Las reinas del crímen

Crítica de Horacio Bernades - Página 12

Amas de casa desesperadas por ser mafiosas

Cuando sus maridos son detenidos por el FBI, tres mujeres deciden hacerse cargo de sus "negocios". Pero nadie se encargó de la verosimilitud del film.

Basada en un comic de la compañía DC Comics, esta película escrita y dirigida por la realizadora Andrea Berloff propone una peculiar fábula feminista, según la cual las mujeres “de su casa” pueden dar un paso al frente y convertirse en ¿capamafias?, calzando las armas y dejando un tendal de muertos por el camino. El film está ambientado a fines de los '70 en una Nueva York pre-Giuliani, sucia, y llena de ratas y cines porno, y a ninguna de las tres protagonistas le tiembla la mano a la hora de amenazar y liquidar a sus rivales en el negocio. No sólo a sus rivales: alguna hará justicia también con su marido.

El problema básico de Las reinas del crimen es de registro: si se hubiera respetado la hipérbole propia del comic, todo hubiera sido mucho más admisible, ya que el exceso estético no aspira, por definición, a ninguna verosimilitud. Pero al adoptar una clave crasamente realista, no sólo hace agua el verosímil sino que el “mensaje” resulta altamente discutible.

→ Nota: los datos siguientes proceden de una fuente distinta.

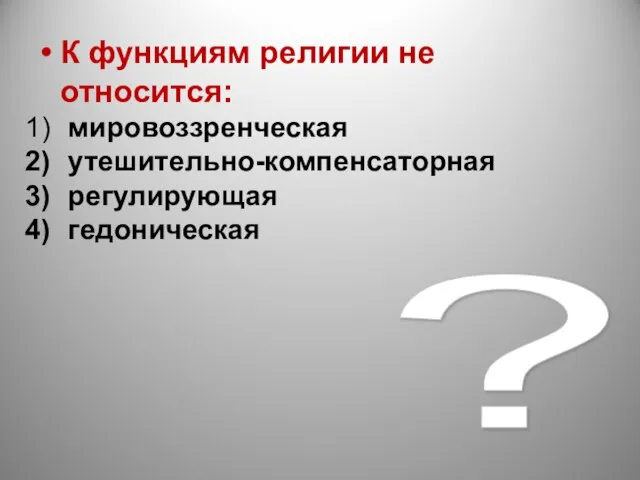 ? К функциям религии не относится: мировоззренческая утешительно-компенсаторная регулирующая гедоническая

Las tres “heroínas” son Kathy (Melissa McCarthy), Ruby (Tiffany Haddish) y Claire (la fabulosa Elisabeth Moss, desafortunadamente la de menos peso dramático). Corre el año 1978 (¿por qué ése y no otro?, la precisión del dato refuerza la veta realista) y sus tres maridos son atrapados por agentes del FBI en medio de un robo. La verdad es que los señores mucha pinta de heavies no tienen, pero a esta altura el espectador, deseoso de colaborar con el avance de la trama, hará la vista gorda ante este detalle. También ante el hecho de que uno de ellos, descendiente de irlandeses como los otros dos, esté casado con una mujer negra, algo que en esa época podía llegar a convertirlo en oveja del mismo color para su comunidad, que nunca se caracterizó por su apertura. 

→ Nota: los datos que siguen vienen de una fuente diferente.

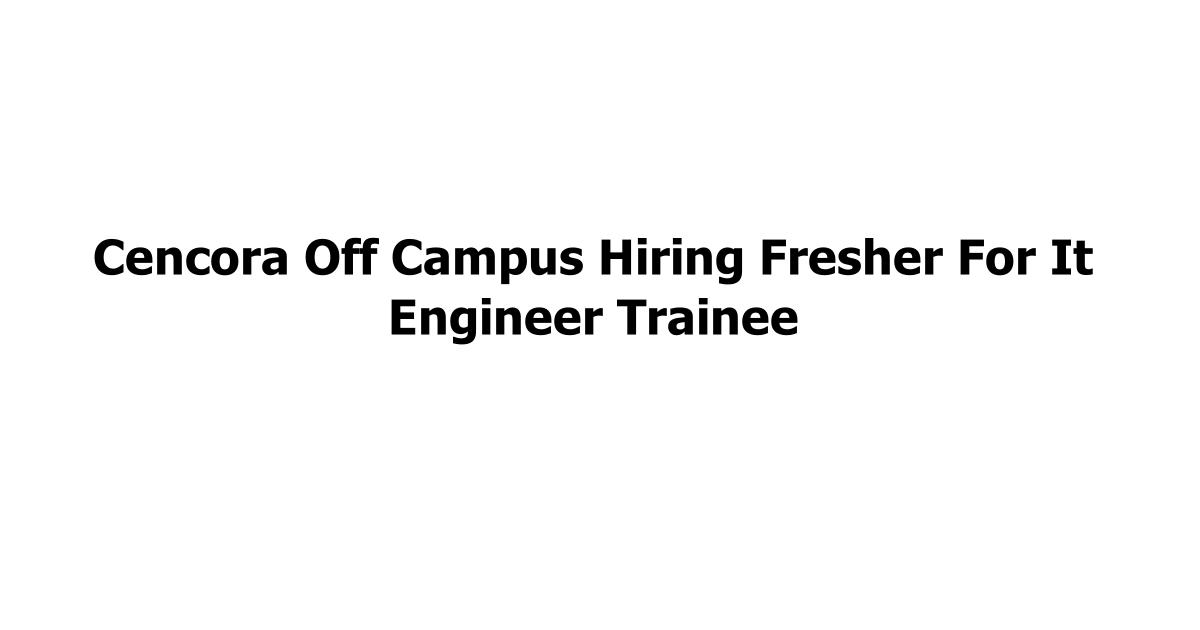 Cencora Off Campus Hiring Fresher For It Engineer Trainee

A las tres señoras, hasta entonces amas de casas, parecen quedarles dos opciones: hacerse cargo del negocio de los maridos o perecer. Ése es al menos el intencionado binarismo que propone la película. De trabajar como cualquier hija de vecino ni hablar porque ésta es una película de Hollywood y en una película de Hollywood, si no se mata al prójimo no vale. Así es como aparecen después los loquitos que se ponen a liquidar gente en shoppings, ansiosos por imitar lo que el cine les enseñó.

La pinta de señores de su casa de los maridos no es el mayor problema de verosimilitud que por culpa de su registro equivocado plantea la película. No resulta precisamente fácil aceptar que tres mujeres solas, que hasta el momento no habían salido de sus cocinas, no sólo apoyen el chumbo sobre el mostrador cuando van a tomar alguna copa, sino que convenzan a un par de guardaespaldas de poner el pellejo en peligro al traicionar al jefazo al que servían, que siembren el pánico entre la comunidad judía de Manhattan y, peor de los peores, que obliguen al capo de la mafia italiana de Brooklyn a negociar de igual a igual. El ajusticiamiento del hijo de puta que surte a su mujer de trompadas en la panza, y que ya le hizo perder un hijo, es el único elemento de la película que tiene algún viso de realidad y hasta puede ser admitido.